Train to Barcelona

March 3, 2010

I got up early this morning (5:30am) and caught a taxi from my hotel to the main train station, the Atocha, in downtown Madird. My train departure was scheduled for 7:20am. Boarding a train in Spain is quick and easy so long as you have ticket, even though you must have your bags scanned and you must pass through security. The Spanish have made the process extremely efficient. No other place in Europe checks your bags as you board a train. In spite of the security you only need be in the station 15 minutes before your train. It had been raining most of the night so everything is wet and cold, but once inside my carriage everything is warm, clean, and modern. Train travel in Europe is the best way to get from one place to the other. This train will attain speeds exceeding 340 km/h. Yet you hardly feel that you moving! There is nothing in the US like this. We are far behind Europe in many ways, yet we pride ourselves as being advanced. It is just not true.

The Spanish countryside between Madrid and Barcelona is trim and neat. Once outside of Madrid the countryside is snow covered, but as you get towards Barcelona the snow slowly vanishes and the countryside becomes mountainous and even green! What a change. The green color reminds me of Southern California in winter. One thing I note over and over, the countryside of Spain and all of the Europe that I have seen is never plastered with bill boards. The Spanish countryside is clean and prosperous. People in America do not realize just how much their mental peace is affected by the visual pollution created by outdoor bill boards. Such things are terrible.

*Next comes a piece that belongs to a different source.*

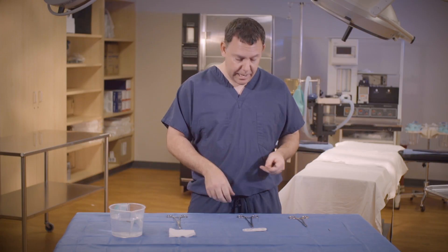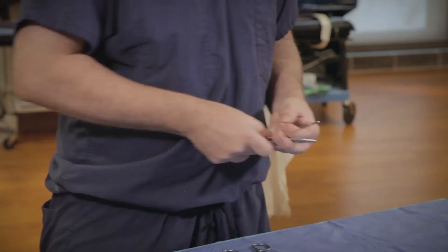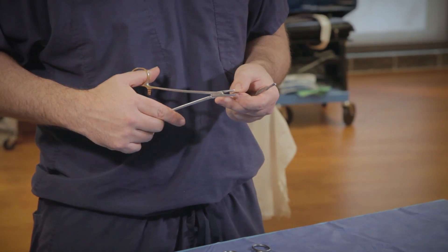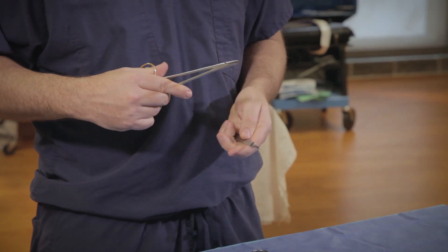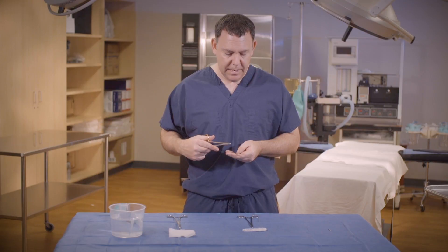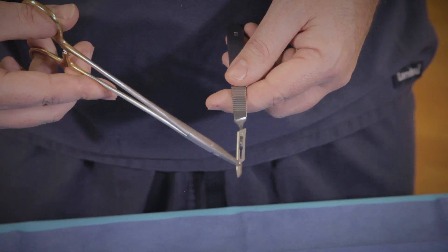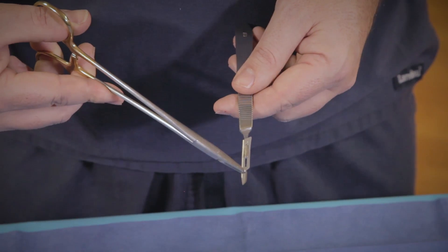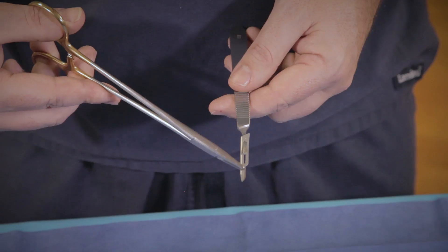So using your right hand, take the needle holder and grasp the blade at the top with the sharp side facing to the left. With your left hand, position the knife blade so that it's angled up and that the angle matches the angle. Carefully fit the blade into the groove and extend or slide the blade down following the ridge of the needle holder until you hear a click.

Train travel always puts me into a contemplative mood. Perhaps it is the rocking sensation, although this high speed train is absolutely motionless. Today I am thinking about the paintings I have been seeing. Madrid is at least as good as Paris and London for paintings. As I travel from gallery to gallery throughout Europe–the Louvre, the Uffizi, the National Galleries, and now the Prado and Reina Sofia and other places in Madrid–I am gradually building up my range of experience in art. What a blessing this is. I sometimes think of myself as the Flaneur to the world. I am of course thinking the French poet and art critic Charles Baudelaire who fashioned himself as Le Flaneur de Paris, the city stroller of Paris. My journey through the museums and art galleries of Europe, through the cathedrals and churches of the Western world, and through the streets and cafes of so many major cities is my attempt to study life in all its facets and from as many points of view as possible. Baudelaire could walk the streets of Paris and London of 150 years ago, but in my times I have the luxury of traversing the countries and cities of the whole world. This is a huge blessing.

When I travel I feel absolutely free and happy. Sitting in this train and speeding through the Spanish countryside towards the Mediterranean coast is a dream some true. I am at peace.